Questa impostazione conferma quello che dicevamo in apertura, ossia che con il consolidato si costituisce un’unica base imponibile, calcolando il reddito complessivo globale, risultante dalla somma algebrica dei redditi complessivi netti dichiarati da ciascuna delle partecipanti al regime del consolidato, rendendo così possibile liquidare l’imposta di gruppo, senza però che questo faccia perdere a ciascuna società la propria individualità.

Proprio a questa individualità si è ispirata la società contribuente nel caso di specie, nel quale ha compensato un proprio credito (Ires) con un debito (Irap) da lei stessa maturato.

In tale ipotesi sarebbe oltremodo irragionevole far derivare, dalla mancata indicazione nella dichiarazione del consolidato, l’inefficacia di una compensazione che, laddove la società non avesse optato per il consolidato, sarebbe spettata de plano.

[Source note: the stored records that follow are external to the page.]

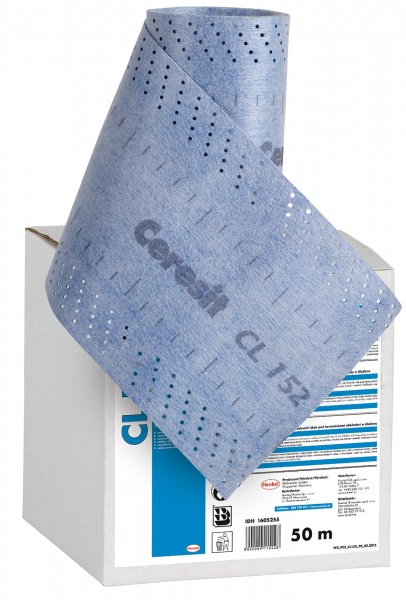 Лента гидроизоляционная CL 152 (120/70 мм) 10 м Ceresit 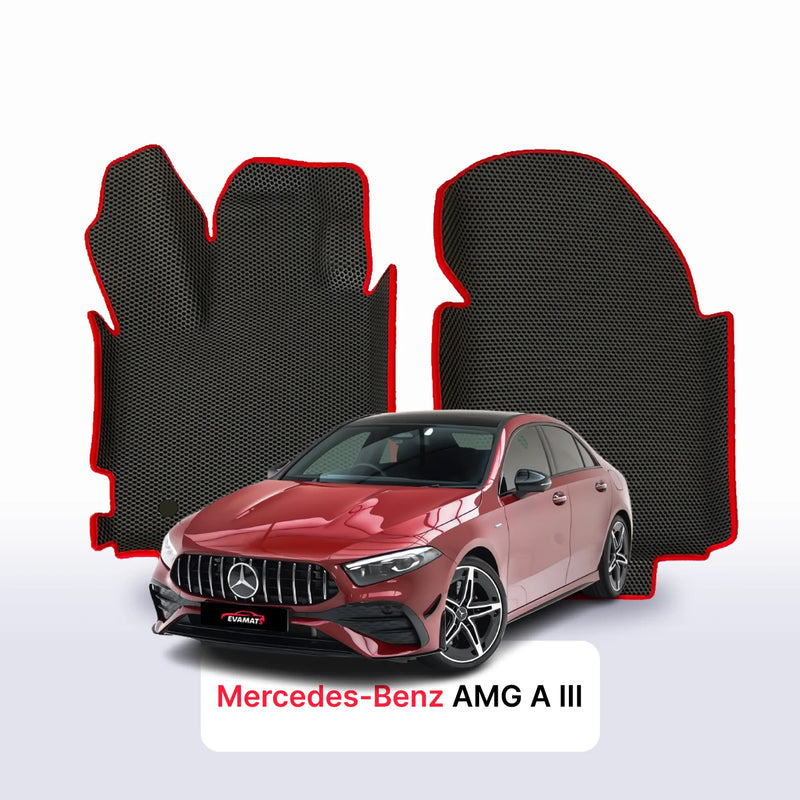 EVA auto paklāji Mercedes-Benz AMG A35 (V177) 3 paaudze 2018-2024 SEDANS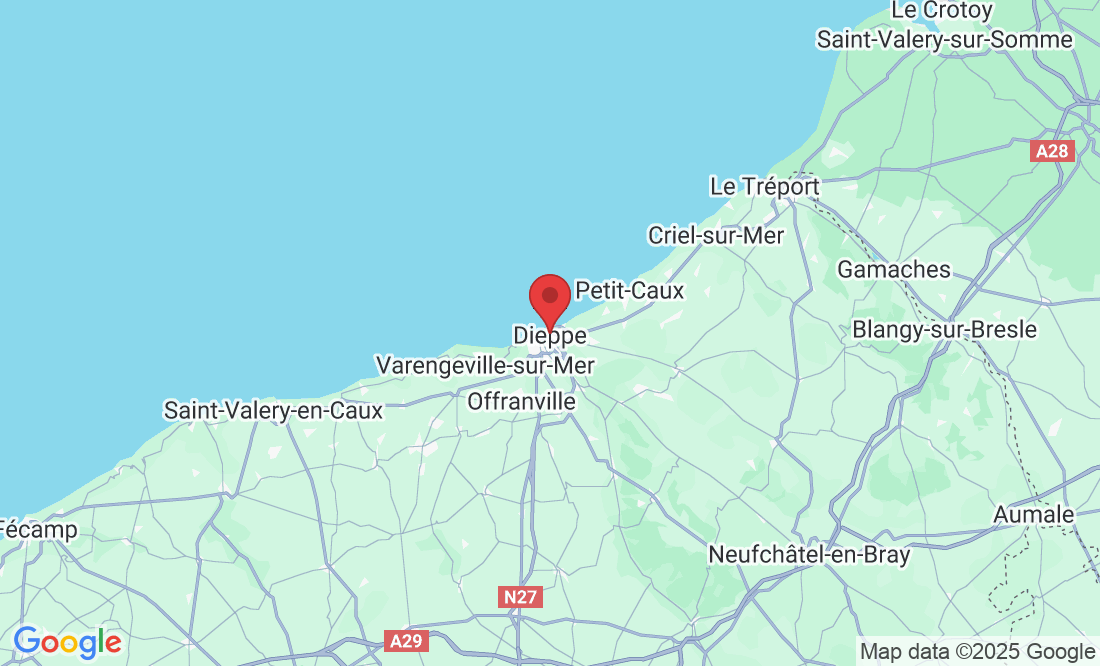 76200 Dieppe, France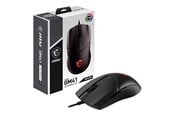 Myszka - MSI CLUTCH GM41 LIGHTWEIGHT V2 - mouse - USB - Myszy - Optyczny - 6 - Czarny - S12-0400D20-C54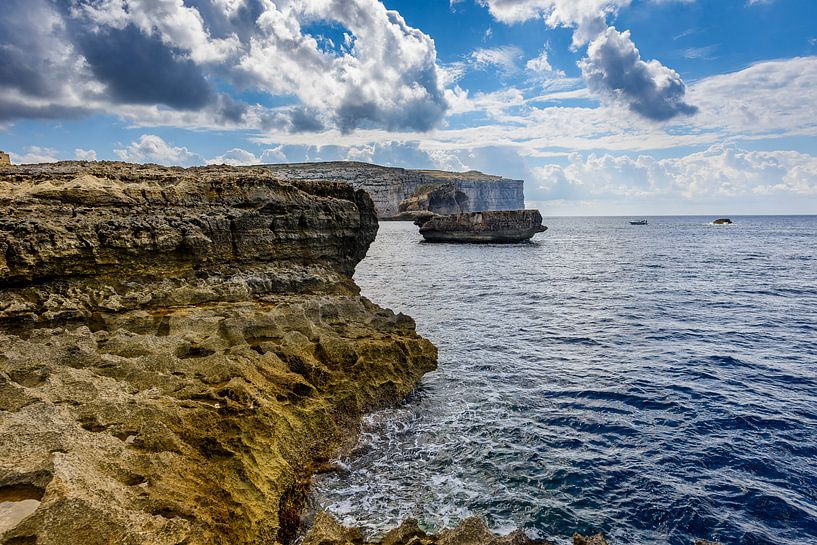 Gozo Küste von René Rietbroek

Questa apertura verso un’interpretazione sostanzialistica della norma potrebbe trovare una conferma nell’evoluzione normativa; infatti, per effetto del comma 2 bis aggiunto all’art. 43 ter del citato DPR n. 602/1972 in caso di mancata indicazione del soggetto cessionario e dell’importo ceduto non è più prevista la sanzione (indiretta) dell’inefficacia dell’operazione, ma l’applicazione della sanzione di cui all’articolo 8, comma 1, del decreto legislativo 18 dicembre 1997, n. 471, nella misura massima stabilita (ossia 2.065 euro) con ciò trovando conferma il carattere formale della violazione in questione.

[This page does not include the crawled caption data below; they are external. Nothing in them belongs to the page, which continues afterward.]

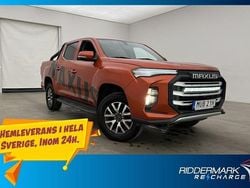 Orange Begagnad 2022 Maxus e-T90 Pickup | 369 800 kr (Dyr)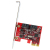 StarTech.com Scheda controller PCI Express SATA con 2 porte SATA 6 Gbps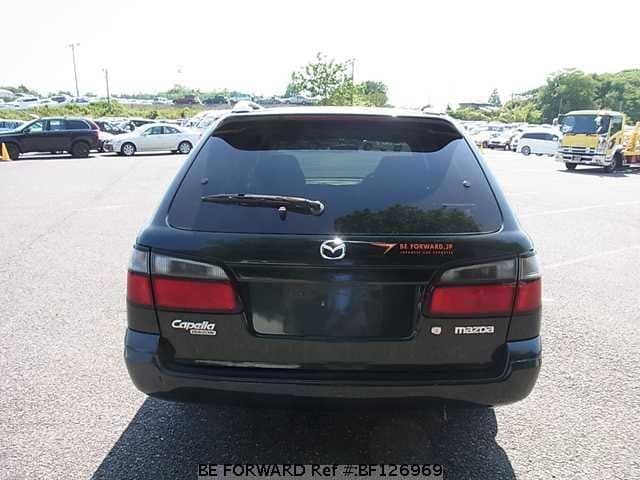 Mazda capella gwew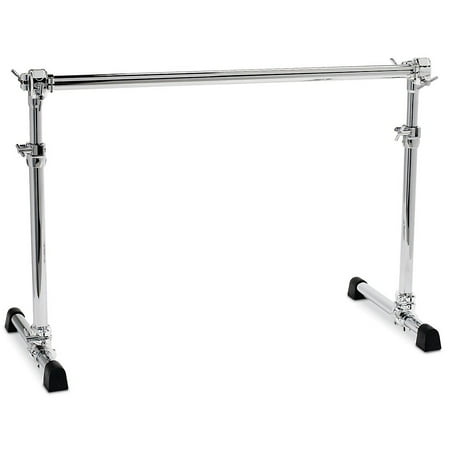 - Chrome Series Height Adjustable Universal Straight Rack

4. Nel caso di specie, nè il credito né il debito sono riconducibili ad altre società del gruppo, tutto è riconducibile alla società contribuente e, se questa non avesse aderito al consolidato, nessuno avrebbe pensato di negarle la compensazione. L’impostazione sostenuta dall’ufficio fiscale appare dunque oltremodo formalistica perché, solo a causa dell’opzione per il consolidato, la società si vedrebbe preclusa una facoltà che le sarebbe indubbiamente spettata, a prescindere dal consolidato.

 

RIFERIMENTI BIBLIOGRAFICI

G. ZIZZO, L’imposta sul reddito delle società, in FALSITTA, Manuale di diritto tributario, Padova, 2005, 428 ss.; M. BEGHIN, Il consolidato fiscale nazionale, Padova, 2005; A. GIOVANNINI, Personalità dell’imposizione e consolidato nazionale, in Riv. dir. trib.,, 2006, I, 654 ss.; M. MICCINESI-F. DAMI, Il consolidato mondiale nella riforma del sistema fiscale statale, in La nuova imposta sul reddito delle società, a cura di R. Esposito e F. Paparella, Napoli, 2006; T. TASSANI, Autonomia statutaria delle società di capitali e imposizione sui redditi, Milano, 2007, 233 ss.; L. CARPENTIERI, Il gruppo nazionale in AA.VV. Corrispettività, onerosità e gratuità: profili tributari a cura di V. Ficari, V. Mastroiacovo, Torino, 2014, 733 ss.; M. TRIVELLIN, Profili sistematici delle perdite su crediti nel reddito d’impresa, Torino, 2017, 310 ss.; R. LUPI, Diritto delle imposte, Milano, 2020, 175 ss.